Aller au contenu

Page:Montesquieu - Œuvres complètes, éd. Laboulaye, t1.djvu/122

La bibliothèque libre.
Cette page n’a pas encore été corrigée
100
LETTRES PERSANES.


LETTRE XX.

USBEK A ZACHI, SA FEMME.

AU SÉRAIL D’ISPAHAN.

Vous m’avez offensé, Zachi ; et je sens dans mon cœur des mouvements [mouvemens] que vous devriez craindre, si mon éloignement ne vous laissait le temps de changer de conduite, et d’apaiser la violente jalousie dont je suis tourmenté.

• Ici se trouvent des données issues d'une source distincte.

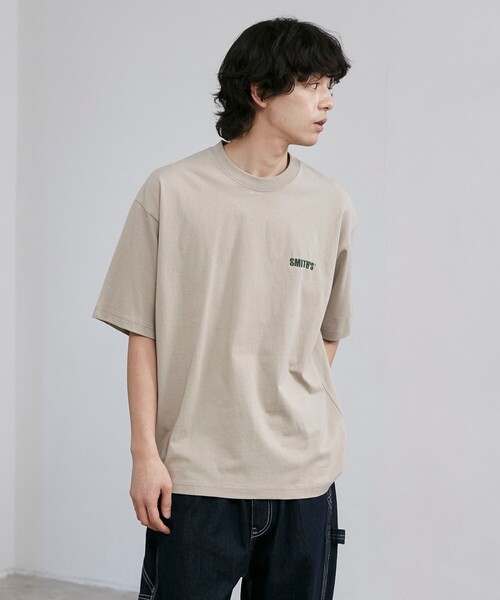 THE SMITHS コラージュプリント Tシャツ Lサイズ セール】SMITH'S（スミス）別注ロゴプリントポケットTシャツ（T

J’apprends qu’on vous a trouvée seule avec Nadir, eunuque blanc, qui payera de sa tête son infidélité et sa perfidie. Comment vous êtes-vous oubliée jusqu’à ne pas sentir qu’il ne vous est pas permis de recevoir dans votre chambre un eunuque blanc, tandis que vous en avez de noirs destinés à vous servir ? Vous avez beau me dire que des eunuques ne sont pas des hommes, et que votre vertu vous met au-dessus des pensées que pourrait faire naître en vous une ressemblance imparfaite : cela ne suffit ni pour vous, ni pour moi : pour vous, parce que vous faites une chose que les lois du sérail vous défendent ; pour moi, en ce que vous m’ôtez l’honneur, en vous exposant à des regards ; que dis-je à des regards ? peut-être aux entreprises d’un perfide, qui vous aura souillée par ses crimes, et plus encore par ses regrets, et le désespoir de son impuissance.